A la débil luz de un atardecer a finales de agosto, unos treinta jóvenes estaban en cuclillas sobre el suelo embarrado junto a un control de la policía en Pyeongtaek, lanzando miradas de reproche a los cientos de policías antidisturbios y soldados, cuyo número aumentaba por cada minuto que pasaba. En contraste con el tremendo despliegue de los guardias militares, el grupo, con el añadido de tres extranjeros, era físicamente un frágil cuerpo de individuos «desarmados» cuya conciencia y sentido de la comunión, no obstante, estaban justamente empezando a expandirse gracias a la extrema tensión de la situación.
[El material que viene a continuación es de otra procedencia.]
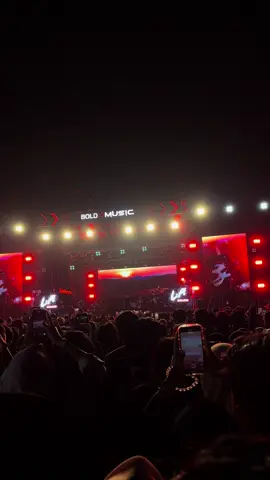 Serana - @for Revenge || fomo ikutan nonton konser, diem planga plongo cuma sibuk ngerekam doang 😁😁 tapi tetep aku tau walaupun cuma reff nyo doang ✌🏻 #fyp #fypシ゚viral #fypage #masukberanda #konserjambi #soundofflawless2025 #serana #seranaforrevenge #forrevenge #jambikonser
Pese a sentir aún el punto de nerviosismo derivado de la confrontación con la policía y la prohibición que tenían de entrar en la aldea, Daechu-ri, el grupo logró mantener reuniones y entrevistas con gente de allí y activistas que habían aguantado en una protesta que duró más de dos años contra el plan de relocalización y expansión de bases norteamericanas en Corea del Sur. Al mismo tiempo, los vastos campos verdes de arroz de aquella aldea rural, famosa por su arroz, estaban siendo convertidos en un basurero, para después ser transformados en base militar.